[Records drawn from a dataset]
==============================
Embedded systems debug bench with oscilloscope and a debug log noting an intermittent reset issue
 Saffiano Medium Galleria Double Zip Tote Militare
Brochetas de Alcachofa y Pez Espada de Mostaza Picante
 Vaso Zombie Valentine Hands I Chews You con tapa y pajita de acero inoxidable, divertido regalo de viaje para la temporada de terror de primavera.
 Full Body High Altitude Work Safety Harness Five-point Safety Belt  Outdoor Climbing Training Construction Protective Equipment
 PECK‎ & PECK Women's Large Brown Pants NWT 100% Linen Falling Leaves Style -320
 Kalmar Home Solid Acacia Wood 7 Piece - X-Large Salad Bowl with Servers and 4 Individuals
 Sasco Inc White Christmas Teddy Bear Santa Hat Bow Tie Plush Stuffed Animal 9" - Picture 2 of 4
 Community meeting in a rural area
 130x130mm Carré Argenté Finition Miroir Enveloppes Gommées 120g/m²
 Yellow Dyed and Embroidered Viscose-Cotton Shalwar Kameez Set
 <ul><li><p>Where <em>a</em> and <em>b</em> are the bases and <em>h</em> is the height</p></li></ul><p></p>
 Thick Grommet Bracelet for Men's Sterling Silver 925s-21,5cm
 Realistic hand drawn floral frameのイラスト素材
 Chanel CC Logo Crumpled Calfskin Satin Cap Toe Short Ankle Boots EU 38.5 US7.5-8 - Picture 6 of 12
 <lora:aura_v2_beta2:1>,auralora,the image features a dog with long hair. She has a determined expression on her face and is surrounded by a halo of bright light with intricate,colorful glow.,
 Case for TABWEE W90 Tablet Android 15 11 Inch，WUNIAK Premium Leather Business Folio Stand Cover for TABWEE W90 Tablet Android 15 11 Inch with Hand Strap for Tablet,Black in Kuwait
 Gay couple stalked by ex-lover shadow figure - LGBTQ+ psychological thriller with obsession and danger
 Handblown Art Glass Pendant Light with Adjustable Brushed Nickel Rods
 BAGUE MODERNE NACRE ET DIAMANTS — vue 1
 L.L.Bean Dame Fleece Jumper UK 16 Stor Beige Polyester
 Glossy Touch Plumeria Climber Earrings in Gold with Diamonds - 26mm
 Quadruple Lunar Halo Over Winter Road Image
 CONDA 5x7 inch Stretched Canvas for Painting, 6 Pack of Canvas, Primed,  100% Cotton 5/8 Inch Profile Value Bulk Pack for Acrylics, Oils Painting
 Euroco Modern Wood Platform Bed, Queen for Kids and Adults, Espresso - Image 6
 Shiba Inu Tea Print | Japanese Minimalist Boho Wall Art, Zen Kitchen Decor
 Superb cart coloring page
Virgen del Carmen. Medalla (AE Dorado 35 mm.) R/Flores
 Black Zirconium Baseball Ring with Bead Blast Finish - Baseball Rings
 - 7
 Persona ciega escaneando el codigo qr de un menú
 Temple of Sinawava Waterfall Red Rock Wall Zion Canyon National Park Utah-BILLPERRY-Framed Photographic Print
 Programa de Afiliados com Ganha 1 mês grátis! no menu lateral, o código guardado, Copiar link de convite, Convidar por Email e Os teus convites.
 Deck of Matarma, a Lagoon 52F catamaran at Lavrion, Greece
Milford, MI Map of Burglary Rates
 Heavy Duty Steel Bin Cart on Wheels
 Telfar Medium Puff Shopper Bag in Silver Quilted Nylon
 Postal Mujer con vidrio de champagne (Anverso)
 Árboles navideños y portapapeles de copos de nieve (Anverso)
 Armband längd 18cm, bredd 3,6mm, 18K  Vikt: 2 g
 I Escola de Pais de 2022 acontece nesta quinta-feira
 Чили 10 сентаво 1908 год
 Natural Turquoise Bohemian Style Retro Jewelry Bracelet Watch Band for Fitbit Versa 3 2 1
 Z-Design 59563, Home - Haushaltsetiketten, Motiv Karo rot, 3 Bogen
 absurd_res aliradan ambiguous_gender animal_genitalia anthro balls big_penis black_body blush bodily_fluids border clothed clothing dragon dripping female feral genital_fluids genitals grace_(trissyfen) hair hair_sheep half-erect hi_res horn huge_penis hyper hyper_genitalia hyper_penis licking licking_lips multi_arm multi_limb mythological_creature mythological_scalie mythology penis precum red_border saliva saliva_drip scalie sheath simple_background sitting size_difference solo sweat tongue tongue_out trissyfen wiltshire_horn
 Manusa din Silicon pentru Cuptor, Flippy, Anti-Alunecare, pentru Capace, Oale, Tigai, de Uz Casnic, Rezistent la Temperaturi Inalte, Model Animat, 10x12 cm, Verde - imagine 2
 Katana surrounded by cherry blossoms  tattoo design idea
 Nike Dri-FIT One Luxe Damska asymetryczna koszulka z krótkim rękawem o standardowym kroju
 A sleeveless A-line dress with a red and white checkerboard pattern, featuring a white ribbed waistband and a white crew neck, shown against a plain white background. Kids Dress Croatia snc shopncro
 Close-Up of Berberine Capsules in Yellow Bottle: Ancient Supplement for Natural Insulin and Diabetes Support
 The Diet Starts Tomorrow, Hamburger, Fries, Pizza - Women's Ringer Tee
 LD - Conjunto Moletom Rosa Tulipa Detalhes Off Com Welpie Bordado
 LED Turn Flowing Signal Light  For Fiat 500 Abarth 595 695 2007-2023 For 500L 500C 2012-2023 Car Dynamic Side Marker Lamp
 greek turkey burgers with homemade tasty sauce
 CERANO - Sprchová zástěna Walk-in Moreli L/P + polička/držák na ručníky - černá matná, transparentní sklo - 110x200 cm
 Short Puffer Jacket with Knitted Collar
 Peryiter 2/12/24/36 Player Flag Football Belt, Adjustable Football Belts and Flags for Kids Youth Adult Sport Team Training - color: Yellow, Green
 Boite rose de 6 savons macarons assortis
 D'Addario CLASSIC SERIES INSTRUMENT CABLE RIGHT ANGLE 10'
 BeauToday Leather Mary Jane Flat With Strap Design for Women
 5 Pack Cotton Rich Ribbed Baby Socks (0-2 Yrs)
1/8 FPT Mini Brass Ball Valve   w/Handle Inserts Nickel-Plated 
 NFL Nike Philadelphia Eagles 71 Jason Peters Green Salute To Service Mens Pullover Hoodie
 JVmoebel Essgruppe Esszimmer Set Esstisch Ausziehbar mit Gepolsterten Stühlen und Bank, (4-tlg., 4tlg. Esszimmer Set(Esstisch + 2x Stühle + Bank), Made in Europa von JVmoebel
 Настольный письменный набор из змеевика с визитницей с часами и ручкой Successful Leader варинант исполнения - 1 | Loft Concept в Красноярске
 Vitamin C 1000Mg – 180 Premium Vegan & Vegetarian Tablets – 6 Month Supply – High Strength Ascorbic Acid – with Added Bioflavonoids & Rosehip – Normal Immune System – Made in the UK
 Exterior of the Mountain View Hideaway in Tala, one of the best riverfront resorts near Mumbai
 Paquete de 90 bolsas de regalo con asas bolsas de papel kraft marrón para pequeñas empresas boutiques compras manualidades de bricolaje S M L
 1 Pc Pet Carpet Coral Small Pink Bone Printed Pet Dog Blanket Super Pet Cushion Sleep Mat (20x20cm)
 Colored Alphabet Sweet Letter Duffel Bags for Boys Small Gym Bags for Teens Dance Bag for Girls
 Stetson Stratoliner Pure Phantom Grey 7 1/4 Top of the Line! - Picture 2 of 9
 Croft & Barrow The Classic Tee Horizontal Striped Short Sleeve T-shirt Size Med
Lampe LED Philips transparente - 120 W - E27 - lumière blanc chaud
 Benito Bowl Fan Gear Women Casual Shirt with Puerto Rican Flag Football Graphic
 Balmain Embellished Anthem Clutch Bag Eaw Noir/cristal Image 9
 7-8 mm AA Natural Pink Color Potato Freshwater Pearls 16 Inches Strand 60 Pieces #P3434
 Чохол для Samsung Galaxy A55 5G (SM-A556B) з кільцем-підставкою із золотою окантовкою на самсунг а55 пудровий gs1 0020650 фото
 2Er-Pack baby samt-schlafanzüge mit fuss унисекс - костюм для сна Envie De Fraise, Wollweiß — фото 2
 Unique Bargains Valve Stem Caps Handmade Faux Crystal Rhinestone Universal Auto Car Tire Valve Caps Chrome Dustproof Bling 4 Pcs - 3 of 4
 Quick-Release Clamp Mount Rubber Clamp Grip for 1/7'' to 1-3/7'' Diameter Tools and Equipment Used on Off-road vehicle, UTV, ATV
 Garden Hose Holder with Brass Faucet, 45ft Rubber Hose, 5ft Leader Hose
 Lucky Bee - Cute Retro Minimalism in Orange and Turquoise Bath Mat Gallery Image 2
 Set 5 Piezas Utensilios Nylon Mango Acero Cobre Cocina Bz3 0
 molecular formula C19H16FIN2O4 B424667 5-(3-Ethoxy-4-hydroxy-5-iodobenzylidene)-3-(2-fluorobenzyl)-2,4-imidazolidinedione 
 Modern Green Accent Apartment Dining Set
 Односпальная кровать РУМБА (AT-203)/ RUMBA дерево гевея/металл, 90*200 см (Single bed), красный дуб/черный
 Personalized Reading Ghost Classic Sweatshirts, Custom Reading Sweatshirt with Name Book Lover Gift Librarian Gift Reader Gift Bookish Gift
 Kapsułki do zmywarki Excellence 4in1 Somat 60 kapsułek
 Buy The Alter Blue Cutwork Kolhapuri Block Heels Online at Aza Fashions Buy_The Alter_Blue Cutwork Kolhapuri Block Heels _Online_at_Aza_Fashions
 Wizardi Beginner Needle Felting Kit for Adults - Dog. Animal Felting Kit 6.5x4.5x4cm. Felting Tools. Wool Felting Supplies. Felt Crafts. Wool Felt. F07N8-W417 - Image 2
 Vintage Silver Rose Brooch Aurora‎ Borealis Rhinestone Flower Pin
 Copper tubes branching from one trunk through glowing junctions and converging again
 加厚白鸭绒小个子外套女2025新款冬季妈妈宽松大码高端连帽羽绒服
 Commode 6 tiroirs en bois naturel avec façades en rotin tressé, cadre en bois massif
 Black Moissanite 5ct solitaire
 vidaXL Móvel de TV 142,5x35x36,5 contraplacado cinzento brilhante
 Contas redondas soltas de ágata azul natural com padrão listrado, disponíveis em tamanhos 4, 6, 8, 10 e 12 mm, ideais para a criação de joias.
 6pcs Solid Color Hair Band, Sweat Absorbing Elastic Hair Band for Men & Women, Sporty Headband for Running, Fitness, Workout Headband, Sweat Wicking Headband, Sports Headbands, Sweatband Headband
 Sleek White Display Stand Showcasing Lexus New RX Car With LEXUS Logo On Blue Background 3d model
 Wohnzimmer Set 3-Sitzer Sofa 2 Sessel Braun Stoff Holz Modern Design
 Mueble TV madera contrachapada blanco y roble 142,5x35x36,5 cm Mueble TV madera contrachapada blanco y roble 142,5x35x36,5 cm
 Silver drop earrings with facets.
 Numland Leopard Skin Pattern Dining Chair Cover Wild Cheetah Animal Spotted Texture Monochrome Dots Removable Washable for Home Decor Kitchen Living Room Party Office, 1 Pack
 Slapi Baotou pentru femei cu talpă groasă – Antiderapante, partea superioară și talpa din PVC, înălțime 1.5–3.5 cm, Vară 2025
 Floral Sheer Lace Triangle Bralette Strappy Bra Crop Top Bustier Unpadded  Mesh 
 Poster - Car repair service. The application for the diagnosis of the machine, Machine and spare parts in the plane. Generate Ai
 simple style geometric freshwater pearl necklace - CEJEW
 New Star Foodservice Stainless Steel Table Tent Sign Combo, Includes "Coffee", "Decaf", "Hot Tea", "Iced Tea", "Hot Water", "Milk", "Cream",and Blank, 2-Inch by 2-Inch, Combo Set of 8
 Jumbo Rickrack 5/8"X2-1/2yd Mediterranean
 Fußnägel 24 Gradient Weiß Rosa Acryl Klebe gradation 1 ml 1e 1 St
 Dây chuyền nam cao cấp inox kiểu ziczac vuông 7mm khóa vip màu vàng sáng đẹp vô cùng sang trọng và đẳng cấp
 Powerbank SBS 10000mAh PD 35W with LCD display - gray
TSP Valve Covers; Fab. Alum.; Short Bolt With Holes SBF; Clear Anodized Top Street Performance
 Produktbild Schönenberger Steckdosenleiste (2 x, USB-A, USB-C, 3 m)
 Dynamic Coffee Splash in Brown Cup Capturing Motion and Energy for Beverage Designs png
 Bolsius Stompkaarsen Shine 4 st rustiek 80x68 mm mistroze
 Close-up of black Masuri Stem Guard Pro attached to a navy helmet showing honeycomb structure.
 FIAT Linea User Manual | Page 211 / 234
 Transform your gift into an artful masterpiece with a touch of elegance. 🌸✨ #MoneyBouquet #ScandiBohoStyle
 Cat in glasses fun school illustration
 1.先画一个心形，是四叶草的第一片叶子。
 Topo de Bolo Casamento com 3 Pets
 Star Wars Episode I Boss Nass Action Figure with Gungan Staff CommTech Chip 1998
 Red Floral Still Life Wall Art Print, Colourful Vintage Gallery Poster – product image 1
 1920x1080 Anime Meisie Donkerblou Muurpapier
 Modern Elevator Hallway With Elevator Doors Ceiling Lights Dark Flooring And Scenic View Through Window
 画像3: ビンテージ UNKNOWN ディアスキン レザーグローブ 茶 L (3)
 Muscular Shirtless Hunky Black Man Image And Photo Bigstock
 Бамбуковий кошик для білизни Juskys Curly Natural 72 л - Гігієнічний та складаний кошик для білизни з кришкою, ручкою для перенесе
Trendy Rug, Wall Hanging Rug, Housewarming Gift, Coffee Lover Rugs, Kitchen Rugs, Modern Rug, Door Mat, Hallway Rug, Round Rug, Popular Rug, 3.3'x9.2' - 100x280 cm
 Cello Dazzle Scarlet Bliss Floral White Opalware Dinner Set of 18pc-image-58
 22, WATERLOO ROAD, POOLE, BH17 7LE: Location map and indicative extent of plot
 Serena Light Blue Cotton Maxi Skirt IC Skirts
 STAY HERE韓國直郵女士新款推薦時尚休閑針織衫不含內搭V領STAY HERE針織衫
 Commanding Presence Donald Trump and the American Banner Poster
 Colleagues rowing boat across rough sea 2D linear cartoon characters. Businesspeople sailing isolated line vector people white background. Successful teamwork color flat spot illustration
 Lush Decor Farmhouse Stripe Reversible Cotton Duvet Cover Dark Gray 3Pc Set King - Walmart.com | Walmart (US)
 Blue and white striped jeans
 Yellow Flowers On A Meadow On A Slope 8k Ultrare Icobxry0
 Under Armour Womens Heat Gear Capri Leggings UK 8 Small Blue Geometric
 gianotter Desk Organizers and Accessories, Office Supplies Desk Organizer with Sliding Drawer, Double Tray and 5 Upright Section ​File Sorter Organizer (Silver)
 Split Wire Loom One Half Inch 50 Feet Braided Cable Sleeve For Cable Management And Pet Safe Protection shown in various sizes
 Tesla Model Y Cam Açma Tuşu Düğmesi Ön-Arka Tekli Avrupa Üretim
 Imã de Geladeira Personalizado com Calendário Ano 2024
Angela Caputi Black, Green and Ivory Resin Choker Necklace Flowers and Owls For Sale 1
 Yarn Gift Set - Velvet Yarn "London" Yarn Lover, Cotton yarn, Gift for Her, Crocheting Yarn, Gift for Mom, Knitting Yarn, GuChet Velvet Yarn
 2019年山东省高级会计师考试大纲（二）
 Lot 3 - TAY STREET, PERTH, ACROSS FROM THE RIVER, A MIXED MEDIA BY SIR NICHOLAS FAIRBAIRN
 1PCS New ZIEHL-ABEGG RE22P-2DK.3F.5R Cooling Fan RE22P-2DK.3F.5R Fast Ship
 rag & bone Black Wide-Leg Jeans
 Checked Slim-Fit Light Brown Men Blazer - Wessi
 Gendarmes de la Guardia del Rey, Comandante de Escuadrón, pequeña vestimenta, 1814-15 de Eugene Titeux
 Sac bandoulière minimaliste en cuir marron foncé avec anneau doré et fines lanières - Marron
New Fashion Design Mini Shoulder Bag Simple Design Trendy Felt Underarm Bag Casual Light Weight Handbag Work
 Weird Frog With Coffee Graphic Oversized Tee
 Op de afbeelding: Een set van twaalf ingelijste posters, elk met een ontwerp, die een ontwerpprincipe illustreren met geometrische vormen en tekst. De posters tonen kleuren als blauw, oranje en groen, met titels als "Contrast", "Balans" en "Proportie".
==============================
■ Exercise ■
Check each line in the records above for the word "Dynamic". Return those that have it.

■ Result of this task ■
 LED Turn Flowing Signal Light  For Fiat 500 Abarth 595 695 2007-2023 For 500L 500C 2012-2023 Car Dynamic Side Marker Lamp
 Dynamic Coffee Splash in Brown Cup Capturing Motion and Energy for Beverage Designs png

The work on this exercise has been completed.